By Don Willis
“I will declare the decree: the Lord hath said unto me, Thou art my Son; this day have I begotten thee” (Psalms 2:7). David had been established as the king of the united people of Judah and Israel after the death of King Saul. Some did not receive his Kingship, and thereby raged, and imagined vain things.
In melancholy, David composed this wonderful Messianic song. David would reason that all would be happy with his reign, seeing that God’s prophet, Samuel, had anointed him to be the next king. But the heathen did rage, and brought battle against David and God’s host. As predicted in the Psalm, David’s army was victorious.

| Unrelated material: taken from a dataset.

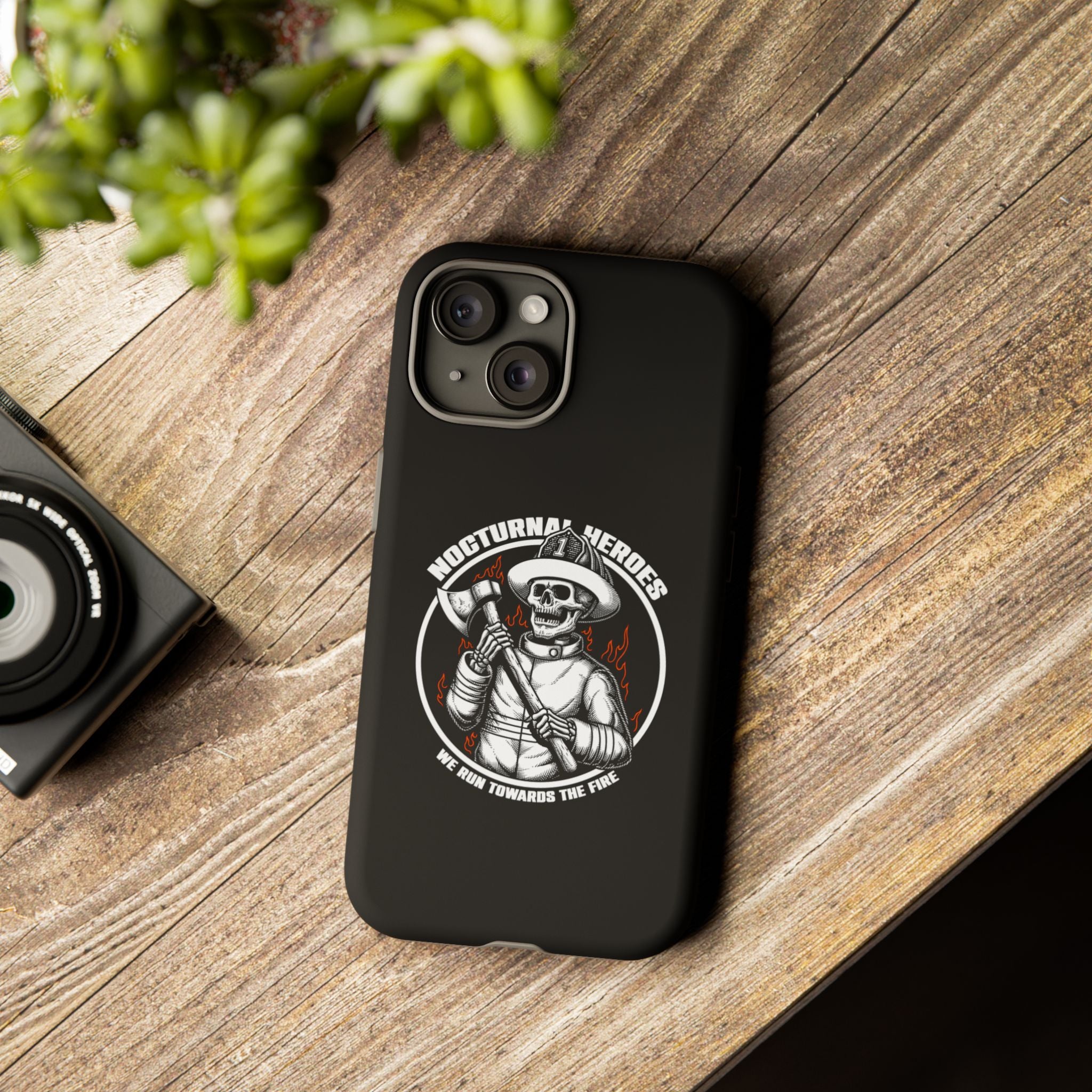 Nocturnal Heroes Skeleton Firefighter Phone Case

In the midst of this wonderful Psalm, these two affirmations are made! While David was the shadow, the prophecy was concerning God’s Son, Jesus Christ. This Psalm is applied to Christ in Acts 4:25-26; Acts 13:33; and Hebrews 5:5.
Thou art my Son! What a wonderful affirmation of the Deity of Jesus Christ. Yet, He was made of a woman, made under the law (Gal. 4:4). He became man in order to die for sinful creatures (Heb. 2:14). Had Jesus come in the form of God or angels, He could not have died, for Deity is eternal. But, Jesus came in the form of mankind in order to sympathize with the feelings of mankind, and to suffer as does man. He came to die for our sins!
This day have I begotten thee. This passage is quoted relative to the resurrection of Jesus from the dead (Acts 13:33) and concerning His being a priest (Heb. 5:5). Jesus could not be priest on earth, due to the ordination of the Levitical priesthood. Jesus’ priesthood was after the order of Melchizedec, which required a change of law (Heb. 7:12) in order for Him to reign, and He did not reign until after the resurrection.
This day refers to the resurrection of Jesus from the grave, and not to His birth of Mary. Begotten (from the Hebrew, yalidti) is used in the sense of manifesting, exhibiting, or declaring (consult Adam Clarke, Commentary, Vol. 3, p. 223).
Psalms 2 refers to the time when God declared Jesus to be His Son. In Romans 1:4, the Apostle Paul affirms, “And declared to be the Son of God with power, according to the spirit of holiness, by the resurrection from the dead.”
Christ’s death proved that the atonement had been made for lost mankind. Christ’s resurrection proved that the atonement has been accepted by the God of Heaven. Therefore, the final chorus of Psalms 2 affirms, “Blessed are all they that put their trust in them. ” This is the assurance that will bear one through any of life’s difficulties with the greatest of confidence!